## [Required action]
Retype the listing below line for line, but only from the line with "5 Panel Home" down to the line with "Assorted tobacco tins", inclusive. Pictures stay out.
━━━━━ Given entries ━━━━━
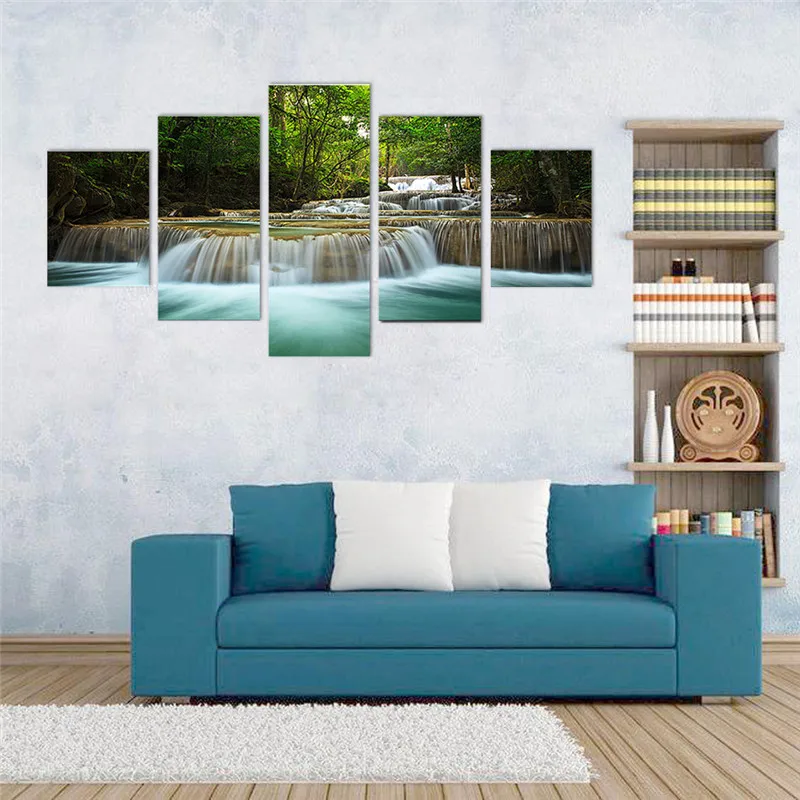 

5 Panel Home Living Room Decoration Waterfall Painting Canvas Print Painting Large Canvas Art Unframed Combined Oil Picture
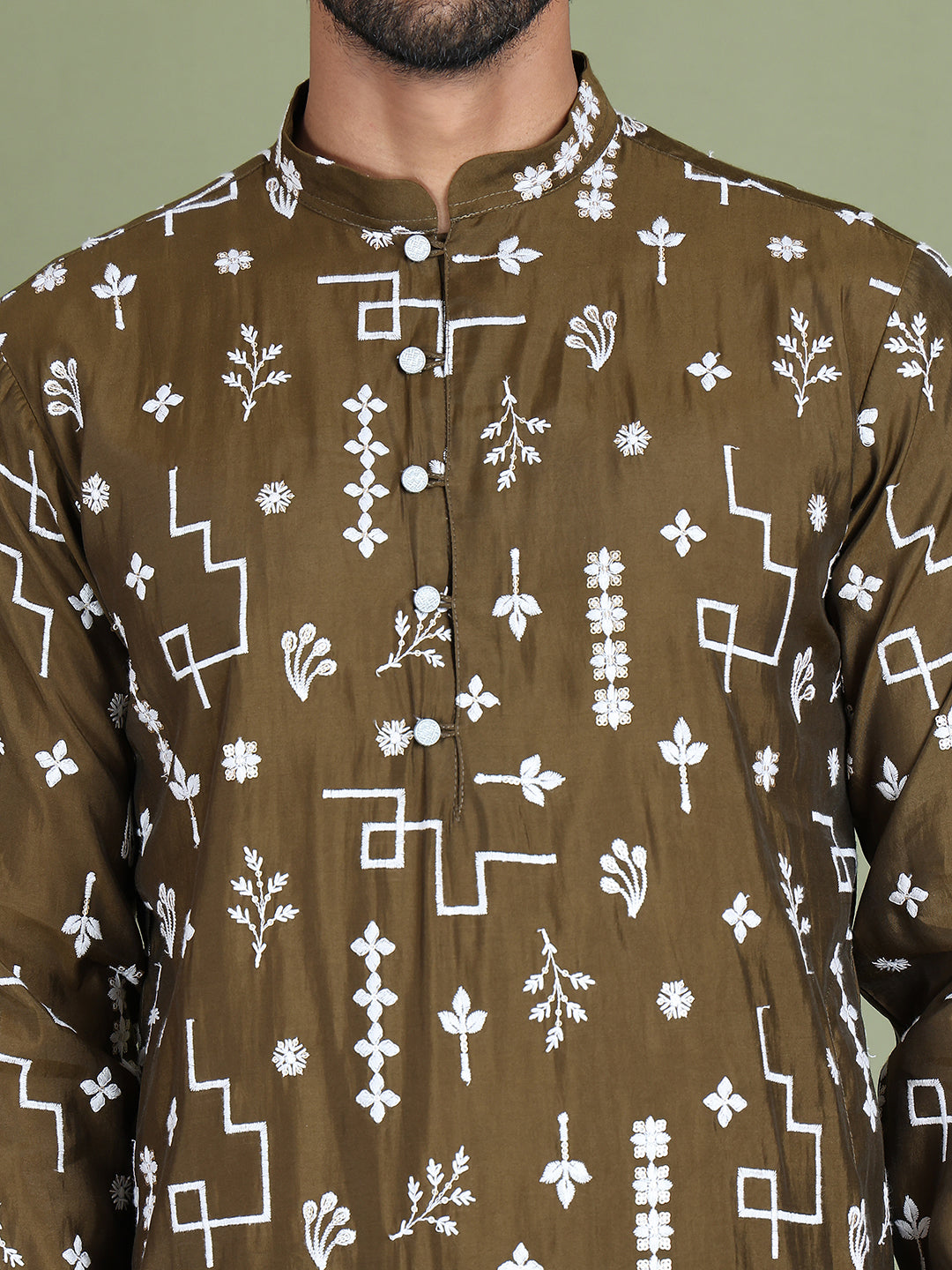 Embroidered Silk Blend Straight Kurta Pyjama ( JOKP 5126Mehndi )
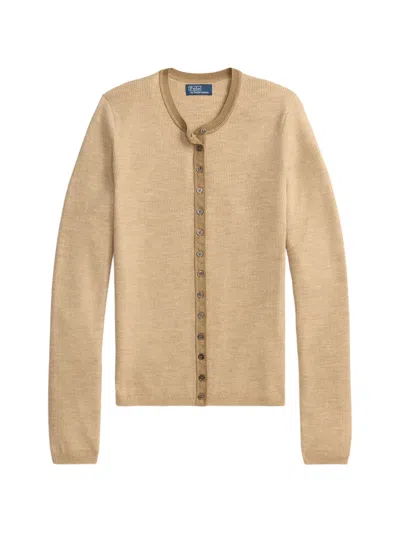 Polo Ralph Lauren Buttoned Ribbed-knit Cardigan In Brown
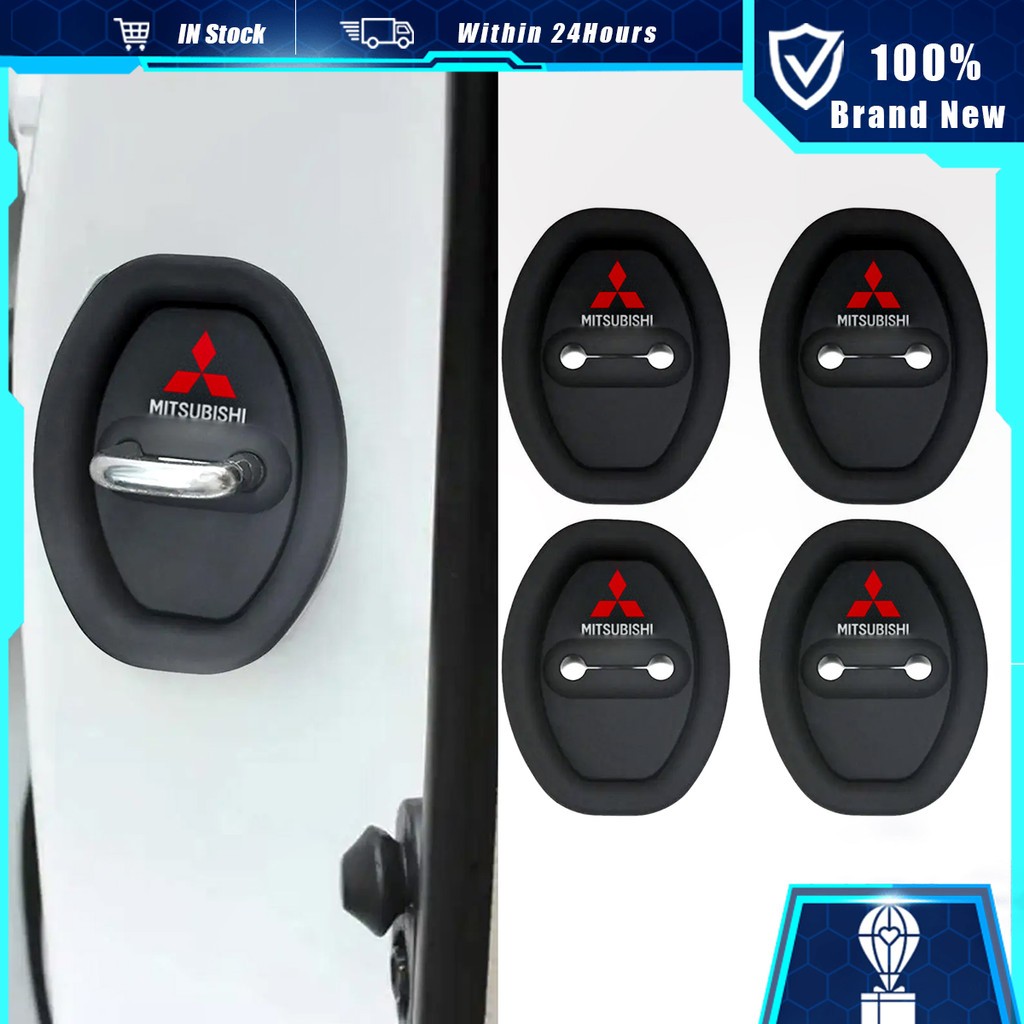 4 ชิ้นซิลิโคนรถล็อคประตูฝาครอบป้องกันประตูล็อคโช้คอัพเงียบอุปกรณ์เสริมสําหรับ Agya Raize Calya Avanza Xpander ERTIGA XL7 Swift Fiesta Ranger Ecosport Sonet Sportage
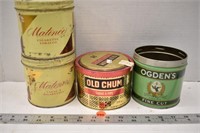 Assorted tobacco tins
━━━━━
━━━━━ Given entries ━━━━━
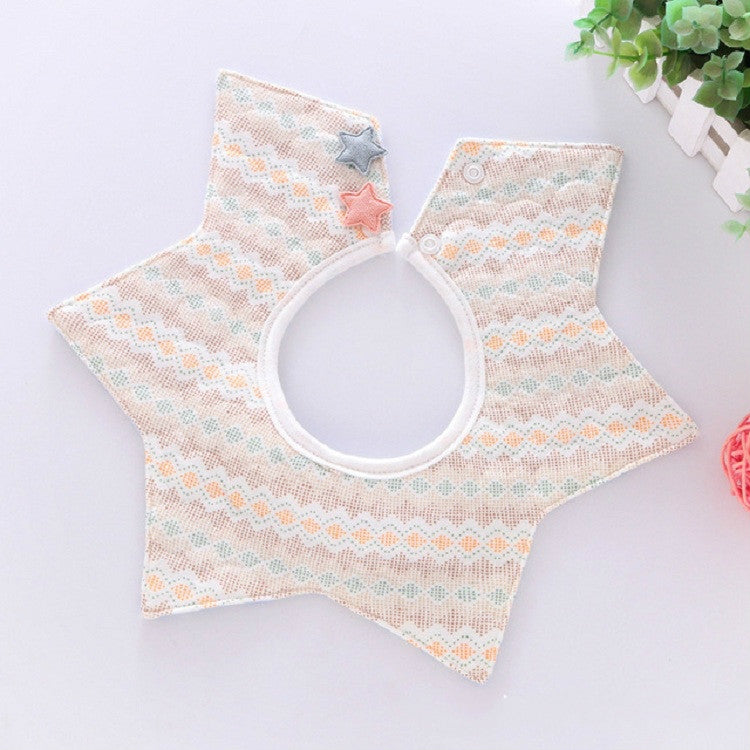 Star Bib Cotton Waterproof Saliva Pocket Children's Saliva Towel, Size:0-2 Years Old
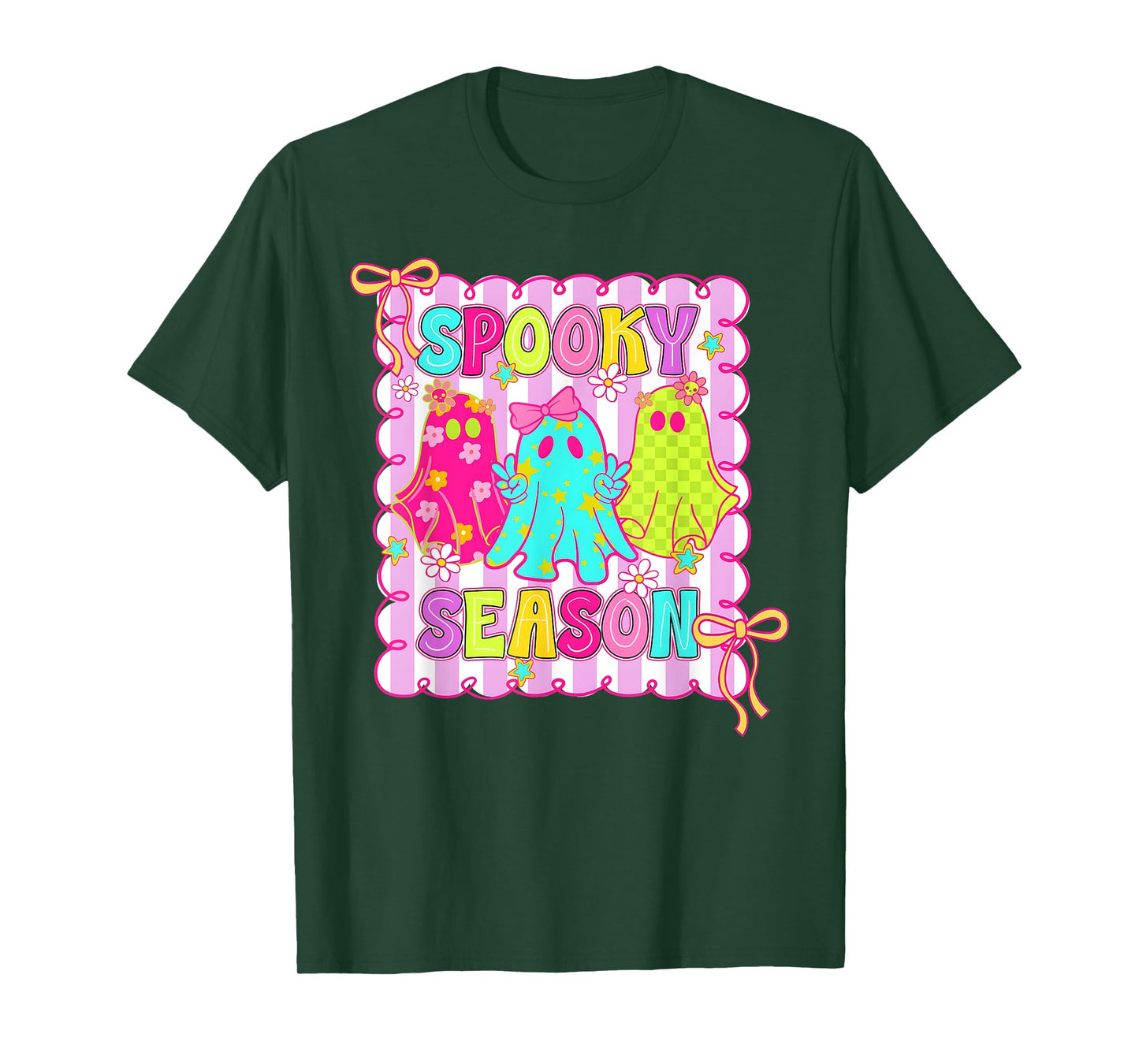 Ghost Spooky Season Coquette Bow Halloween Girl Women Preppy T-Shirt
━━━━━
━━━━━ Given entries ━━━━━
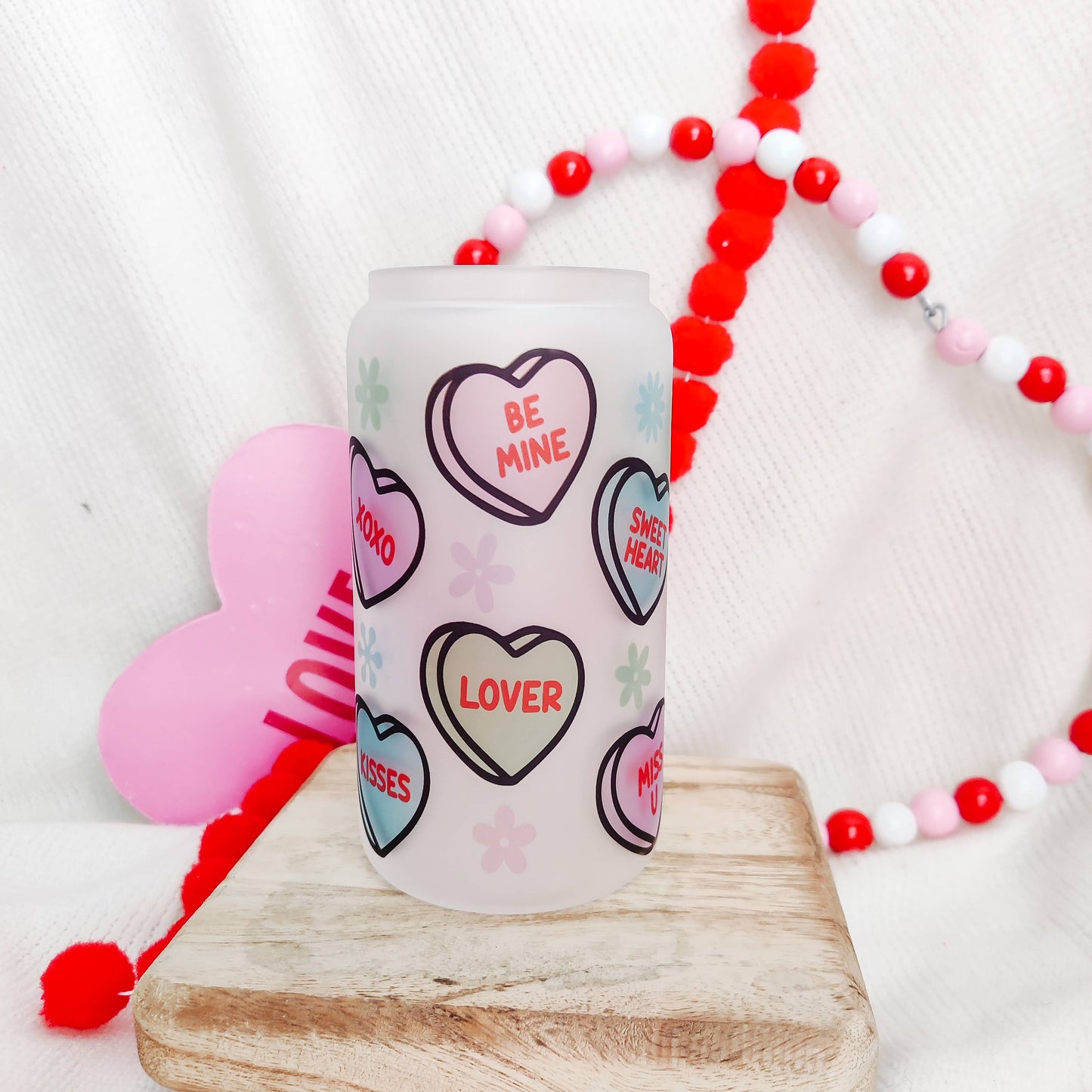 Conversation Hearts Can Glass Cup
━━━━━
## [Expected output]
5 Panel Home Living Room Decoration Waterfall Painting Canvas Print Painting Large Canvas Art Unframed Combined Oil Picture
 Embroidered Silk Blend Straight Kurta Pyjama ( JOKP 5126Mehndi )
 Polo Ralph Lauren Buttoned Ribbed-knit Cardigan In Brown
 4 ชิ้นซิลิโคนรถล็อคประตูฝาครอบป้องกันประตูล็อคโช้คอัพเงียบอุปกรณ์เสริมสําหรับ Agya Raize Calya Avanza Xpander ERTIGA XL7 Swift Fiesta Ranger Ecosport Sonet Sportage
 Assorted tobacco tins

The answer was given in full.